On Tue, Jul 23, 2013 at 12:19 AM, Risker risker.wp@gmail.com wrote:
You pretty much had one chance at A/B testing, and it's done now. You can't repeat the tests as long as VE is the default editor.
That's not correct at all. It's still entirely possible to deliver different editing environments to randomized sets of new users, through the magic of software. We should be replicating a similar A/B test of VE again in my opinion.
This kind of testing isn't easy the first time you do it. What was supposed to be a week-long test (the usual minimum amount of time we look at editor-related features) had to be pared down to just three days of data, which is unfortunate but not entirely unexpected considering we had never done this kind of data collection with VE before.

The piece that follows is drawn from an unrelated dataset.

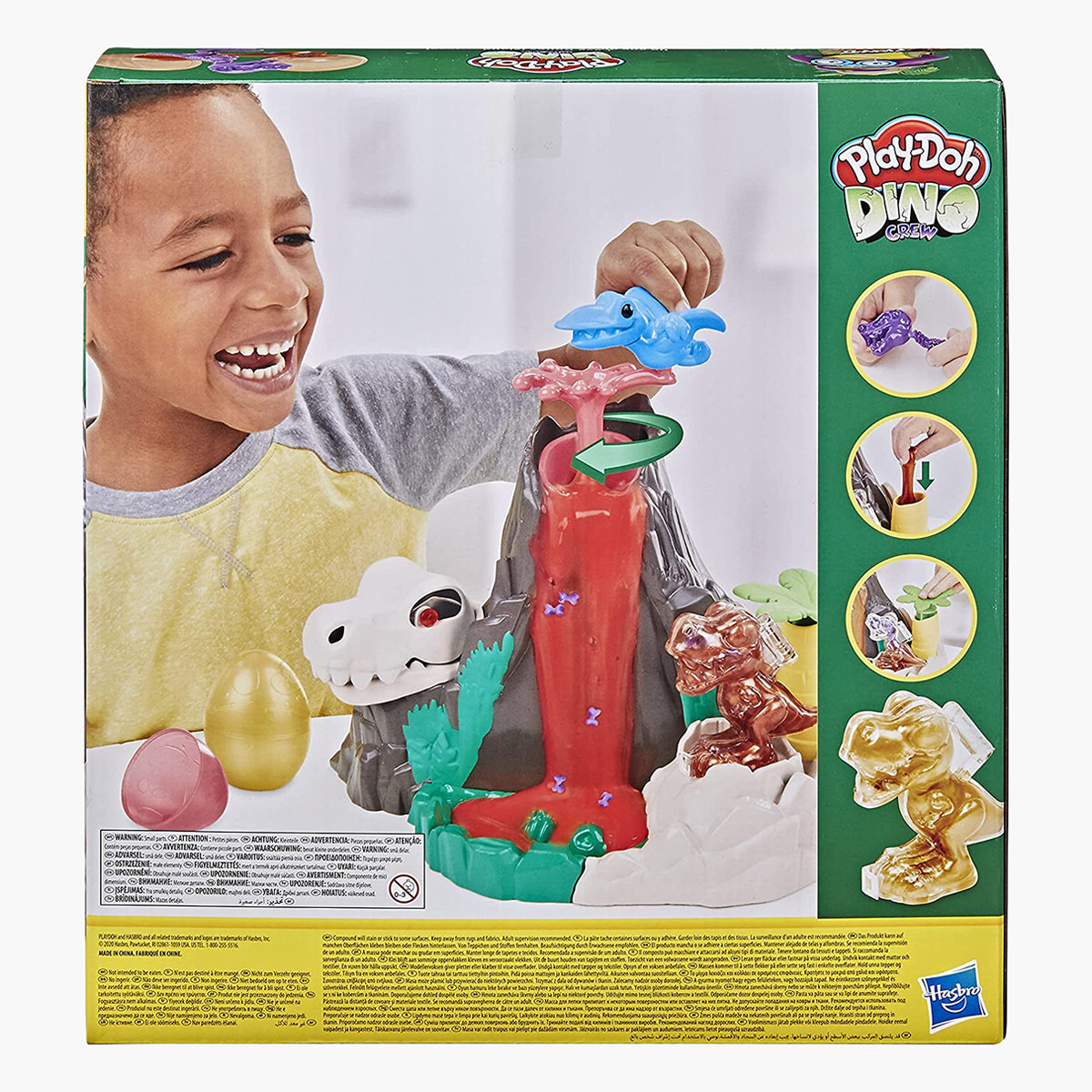 مجموعة لعب لافا بونز آيلاند من بلاي دوه-toys-educational-doughtoys-image-3
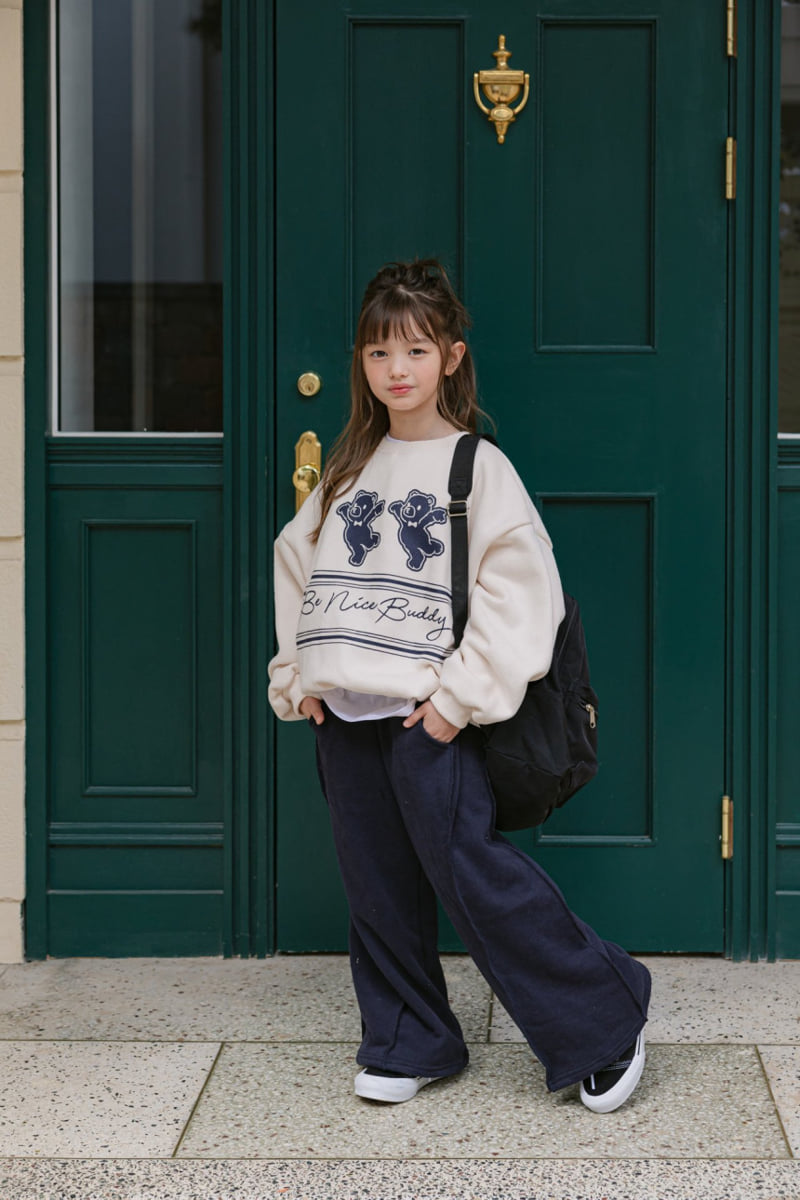 Dore Dore - Korean Children Fashion - #childofig - Brushed Cut Pants - 5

Three days of data produced from a period where, as Erik noted, there were major errors with the browser blacklist and other issues likely means that the negative results were due to VE simply being buggy pre-launch in June. Aaron says this in his draft conclusions: "As mentioned in the discussion of Quantity of contribution, several known and unknown VisualEditor bugs may have prevented newcomers from saving changes to articles. The decreased probability of successfully saving an edit discussed above could be the result of such bugs."[1] In the meantime, the VE team has responded by fixing numerous bugs in the month following.
If you want to understand what the test results suggest, particularly regarding the future steps in evaluating VE from a quantitative standpoint should be, I believe Aaron is working on suggestions for further testing.
Steven
1. https://meta.wikimedia.org/wiki/Research:VisualEditor%27s_effect_on_newly_re...